* About this exercise *
Pull out of the data below the stretch of lines bounded by the one containing "1412 N Wakefield" and the one containing "Fabulous 1 Bed Zimbali Suites Sea View", both bounds included, unchanged.

== Exercise material

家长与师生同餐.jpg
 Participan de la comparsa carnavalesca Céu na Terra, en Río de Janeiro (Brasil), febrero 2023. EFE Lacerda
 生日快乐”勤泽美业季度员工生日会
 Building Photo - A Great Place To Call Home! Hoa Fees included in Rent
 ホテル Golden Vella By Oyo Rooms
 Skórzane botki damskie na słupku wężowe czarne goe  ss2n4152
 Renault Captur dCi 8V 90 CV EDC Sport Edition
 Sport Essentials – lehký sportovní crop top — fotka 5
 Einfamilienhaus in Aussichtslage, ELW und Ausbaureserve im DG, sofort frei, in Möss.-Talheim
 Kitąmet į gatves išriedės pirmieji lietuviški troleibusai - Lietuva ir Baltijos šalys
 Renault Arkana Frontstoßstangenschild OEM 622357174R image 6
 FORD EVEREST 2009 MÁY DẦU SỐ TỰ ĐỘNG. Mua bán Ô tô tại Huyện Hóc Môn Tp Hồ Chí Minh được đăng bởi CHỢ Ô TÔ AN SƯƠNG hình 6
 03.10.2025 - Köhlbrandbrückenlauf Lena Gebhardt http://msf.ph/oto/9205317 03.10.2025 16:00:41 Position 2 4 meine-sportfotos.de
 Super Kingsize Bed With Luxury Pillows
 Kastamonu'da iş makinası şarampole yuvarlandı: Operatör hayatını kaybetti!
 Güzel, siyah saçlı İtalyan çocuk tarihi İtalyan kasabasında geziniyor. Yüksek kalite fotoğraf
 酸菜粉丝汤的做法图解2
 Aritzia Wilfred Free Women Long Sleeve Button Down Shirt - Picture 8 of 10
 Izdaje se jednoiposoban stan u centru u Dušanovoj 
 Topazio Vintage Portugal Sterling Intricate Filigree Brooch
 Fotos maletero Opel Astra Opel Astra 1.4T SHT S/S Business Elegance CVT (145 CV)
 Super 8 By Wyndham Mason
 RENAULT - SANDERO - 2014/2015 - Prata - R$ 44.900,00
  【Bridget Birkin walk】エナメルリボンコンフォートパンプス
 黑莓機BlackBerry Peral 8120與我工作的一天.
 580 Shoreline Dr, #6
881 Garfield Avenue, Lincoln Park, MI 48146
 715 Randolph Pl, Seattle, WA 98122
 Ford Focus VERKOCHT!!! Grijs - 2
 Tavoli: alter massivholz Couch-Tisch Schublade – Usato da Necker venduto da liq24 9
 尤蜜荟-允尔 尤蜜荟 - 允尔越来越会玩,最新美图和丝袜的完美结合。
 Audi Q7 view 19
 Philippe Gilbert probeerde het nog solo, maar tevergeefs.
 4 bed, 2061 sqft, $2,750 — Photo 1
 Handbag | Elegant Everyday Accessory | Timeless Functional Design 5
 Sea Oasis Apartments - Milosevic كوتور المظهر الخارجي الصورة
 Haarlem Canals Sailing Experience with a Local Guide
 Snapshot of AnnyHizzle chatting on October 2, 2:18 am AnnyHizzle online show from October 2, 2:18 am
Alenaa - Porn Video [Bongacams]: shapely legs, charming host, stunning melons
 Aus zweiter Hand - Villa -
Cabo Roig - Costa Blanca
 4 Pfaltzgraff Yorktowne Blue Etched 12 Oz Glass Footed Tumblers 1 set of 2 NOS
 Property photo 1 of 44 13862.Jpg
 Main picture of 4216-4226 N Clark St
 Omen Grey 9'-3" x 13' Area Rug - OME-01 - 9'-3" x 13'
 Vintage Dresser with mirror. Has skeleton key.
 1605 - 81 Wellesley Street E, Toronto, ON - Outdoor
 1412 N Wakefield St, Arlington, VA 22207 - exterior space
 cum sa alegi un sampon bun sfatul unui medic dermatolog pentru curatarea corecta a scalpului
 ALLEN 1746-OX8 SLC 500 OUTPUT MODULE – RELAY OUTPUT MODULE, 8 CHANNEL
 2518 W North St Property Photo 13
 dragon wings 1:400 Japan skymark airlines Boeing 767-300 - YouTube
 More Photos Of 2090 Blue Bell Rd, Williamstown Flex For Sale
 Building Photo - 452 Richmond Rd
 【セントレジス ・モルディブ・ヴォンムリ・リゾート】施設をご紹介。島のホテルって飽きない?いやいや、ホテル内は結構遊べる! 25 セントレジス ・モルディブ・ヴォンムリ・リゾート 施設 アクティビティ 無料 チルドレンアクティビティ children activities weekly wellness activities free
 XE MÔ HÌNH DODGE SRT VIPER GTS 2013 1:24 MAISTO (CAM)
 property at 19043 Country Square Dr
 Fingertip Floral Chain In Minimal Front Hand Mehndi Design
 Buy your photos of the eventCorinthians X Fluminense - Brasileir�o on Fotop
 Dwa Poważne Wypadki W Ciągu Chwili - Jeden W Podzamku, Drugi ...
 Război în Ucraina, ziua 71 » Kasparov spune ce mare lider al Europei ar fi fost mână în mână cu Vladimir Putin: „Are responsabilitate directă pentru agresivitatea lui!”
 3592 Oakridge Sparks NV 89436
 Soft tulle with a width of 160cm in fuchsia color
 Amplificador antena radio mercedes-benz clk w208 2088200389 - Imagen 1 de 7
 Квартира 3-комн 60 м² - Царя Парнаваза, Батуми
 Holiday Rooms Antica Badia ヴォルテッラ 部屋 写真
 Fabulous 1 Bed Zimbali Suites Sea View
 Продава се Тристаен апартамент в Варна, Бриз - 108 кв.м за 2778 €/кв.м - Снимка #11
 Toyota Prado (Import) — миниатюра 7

====

* Exercise answer *
 1412 N Wakefield St, Arlington, VA 22207 - exterior space
 cum sa alegi un sampon bun sfatul unui medic dermatolog pentru curatarea corecta a scalpului
 ALLEN 1746-OX8 SLC 500 OUTPUT MODULE – RELAY OUTPUT MODULE, 8 CHANNEL
 2518 W North St Property Photo 13
 dragon wings 1:400 Japan skymark airlines Boeing 767-300 - YouTube
 More Photos Of 2090 Blue Bell Rd, Williamstown Flex For Sale
 Building Photo - 452 Richmond Rd
 【セントレジス ・モルディブ・ヴォンムリ・リゾート】施設をご紹介。島のホテルって飽きない?いやいや、ホテル内は結構遊べる! 25 セントレジス ・モルディブ・ヴォンムリ・リゾート 施設 アクティビティ 無料 チルドレンアクティビティ children activities weekly wellness activities free
 XE MÔ HÌNH DODGE SRT VIPER GTS 2013 1:24 MAISTO (CAM)
 property at 19043 Country Square Dr
 Fingertip Floral Chain In Minimal Front Hand Mehndi Design
 Buy your photos of the eventCorinthians X Fluminense - Brasileir�o on Fotop
 Dwa Poważne Wypadki W Ciągu Chwili - Jeden W Podzamku, Drugi ...
 Război în Ucraina, ziua 71 » Kasparov spune ce mare lider al Europei ar fi fost mână în mână cu Vladimir Putin: „Are responsabilitate directă pentru agresivitatea lui!”
 3592 Oakridge Sparks NV 89436
 Soft tulle with a width of 160cm in fuchsia color
 Amplificador antena radio mercedes-benz clk w208 2088200389 - Imagen 1 de 7
 Квартира 3-комн 60 м² - Царя Парнаваза, Батуми
 Holiday Rooms Antica Badia ヴォルテッラ 部屋 写真
 Fabulous 1 Bed Zimbali Suites Sea View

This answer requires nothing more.